Her 22-month-old, Ted, died in 2016 after an Ikea dresser tipped over on him. McGee soon learned that hundreds of children have been killed in similar incidents, and thousands more are injured every year. What's more, the safety standards for dressers like the one that fell on her son weren't mandatory.

"As parents, we worry about many things," said McGee, an Eagan resident who founded the national coalition Parents Against Tip-Overs, during a news conference at Children's Minnesota on Monday. "But furniture falling on our children shouldn't be one of them."

McGee and other parents who've lost children to tip-overs may soon see widespread change. Nearly six years after it was first introduced, the federal STURDY Act — which stands for Stop Tip-overs of Unstable, Risky Dressers on Youth — is expected to move forward this year.
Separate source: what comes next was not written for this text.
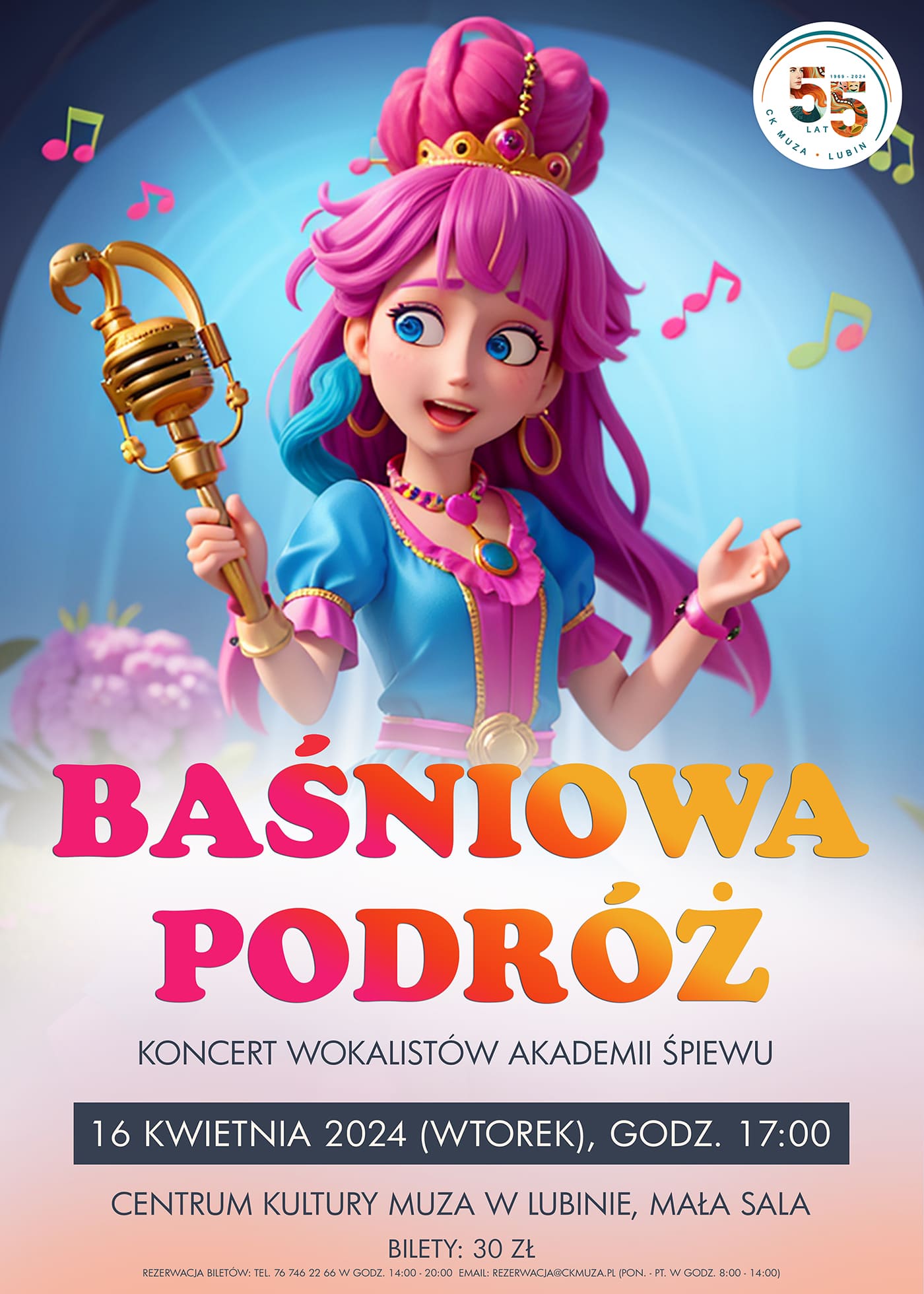 Najpiękniejsze piosenki z bajek Disney’a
"One of the ways that we make sure that we never forget Teddy is by making sure that the same thing doesn't happen to other kids," said U.S. Sen. Amy Klobuchar, who co-sponsored the bipartisan measure.

The Minnesota Democrat, who serves on the Senate commerce committee that will hear the STURDY Act, was among members of Congress who pushed for a sales ban and product recall after the Ikea Malm dresser resulted in multiple child deaths. The U.S. House passed the measure last year.

The recall of 29 million dressers — a number that Ikea later revised to about 17.3 million was the largest in U.S. history, and the McGees and two other families reached a $50 million settlement with Ikea in late 2016. But "there continue to be problems across the country," Klobuchar said.

The STURDY Act would require companies to test clothing storage units for safety and stability before selling them. Tests would simulate real scenarios, including placement on carpeted surfaces, multiple drawers being open at once, drawers having items in them and dynamic force by a child weighing up to 60 pounds.

"The STURDY Act is a piece of legislation that would require these gaps between real-world use and current testing to be accounted for and would finally make the safety standard mandatory," McGee said.

The legislation has garnered support from manufacturers and retailers including Ikea, Room & Board, Crate & Barrel and Williams-Sonoma, according to a news release.

Though there are precautions that families can take at home — including steps that McGee has worked with Children's to promote — the proposed legislation takes the burden off families, said Dr. Andrew Kiragu, a critical care physician at Children's Minnesota. Over the past decade, he said, 100 children have ended up at the Children's trauma center because of a furniture tip-over.

"In order for kids to grow, they have to explore their environment. Kids are meant to jump, climb, play," Kiragu said. "We should not stand by and allow potentially dangerous products to be available for sale."

Correction: An earlier version of this story has been updated to clarify that the Ikea recall was revised to about 17.3 million dressers.